Euphoria was in the air Tuesday morning, as the headlines screamed that Israel took over a Hizbullah stronghold without any IDF casualties. Despair replaced that feeling Wednesday morning, with reports of the bitter battle in Bint Jbail that left a number of soldiers dead.
It is critical to keep one's perspective, and this perspective has two key components: first, that this is a war, and in a war soldiers get killed; and secondly, that the IDF - as good as it is - is not omnipotent.
A mythic aura has been created about the IDF over the years, an aura that posits that if the political echelon would just loosen the reins, let the army do what it knows and wants to do, then the IDF could pretty much have its way and make short order of any adversary.
"Let the army win," was a popular cry over the last few years during the worst days of the Palestinian terrorism.
Now the political echelon is letting the army win, indeed giving it the green light and the time to do what it needs to significantly slam Hizbullah and change the reality there for generations.
But the work is not easy. If you solely use airpower, then the critics say you can't beat Hizbullah from the air and that you need to introduce ground troops. But when you introduce ground troops, and there are loses, as their inevitably will be, the critics question your wisdom and warn once again of sinking into the "Lebanese morass." It's a no-win situation.
Yet this is a war that Israel must win, and decisively.
There is no reason to repeat what many have written over the last two weeks: that this war, yet unnamed, is an extension of the 1948 Independence War that has never really ended - a war for the country's right to be here, a right denied by Hizbullah and its masters in Iran.

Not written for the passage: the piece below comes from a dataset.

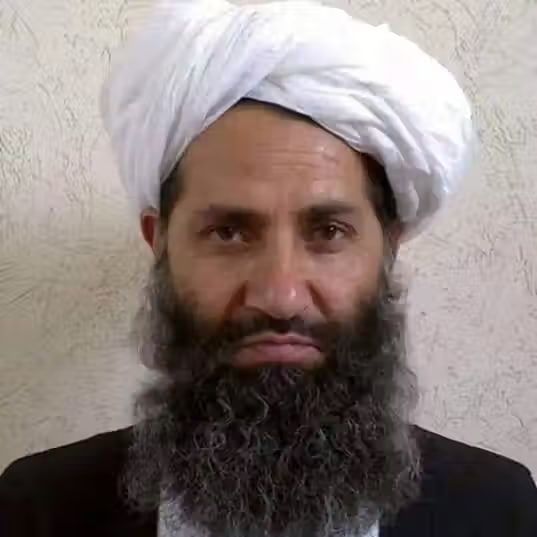 منابع: ملا هبت‌الله دستور «کشتن» جمعه‌خان فاتح را صادر کرده است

But even if Hizbullah does not at this time pose an existential threat to the country - Hizbullah will not throw us into the sea - Israel needs to win this war, and deliver a punishing blow to Hizbullah, for another key reason: to preserve our status as a key strategic US ally.
Prime Minster Ehud Olmert has said on a number of occasions since the fighting started two weeks ago that the whole Arab world is watching, and the outcome of this conflict will have wide-ranging ramifications for the region.
But not only are the Islamic countries watching, so is the US.
Beyond all the talk about how the US supports Israel because it is the only democracy in the Middle East and because of shared values, the US supports Israel because it sees Israel as an important component of its own national security dogma, an American bridgehead in a region hostile to the US.
As such, Washington is watching to see how we do. The US wants to see Hizbullah weakened badly; it wants to see Damascus weakened badly; it wants to see Iran suffer the loss of a key proxy. This is in their interest. This will help their own efforts in Iraq.
A democratic Lebanon, something impossible with a strong Hizbullah and Syrian meddling, will enhance the American status in the region, a status that is declining with each passing Iraqi day.
It's a safe bet to assume that in Washington they are watching very carefully how this war is going, and whether Israel is able to deliver the knockout punch to Hizbullah that the US wants to see delivered. Washington is watching and judging Israel to see how effective a strategic asset Israel really is.
Israel needs to deliver Hizbullah a resounding defeat for many different reasons: not the least of which is to preserve its strategic position in the eyes of the Americans. And that is an existential imperative.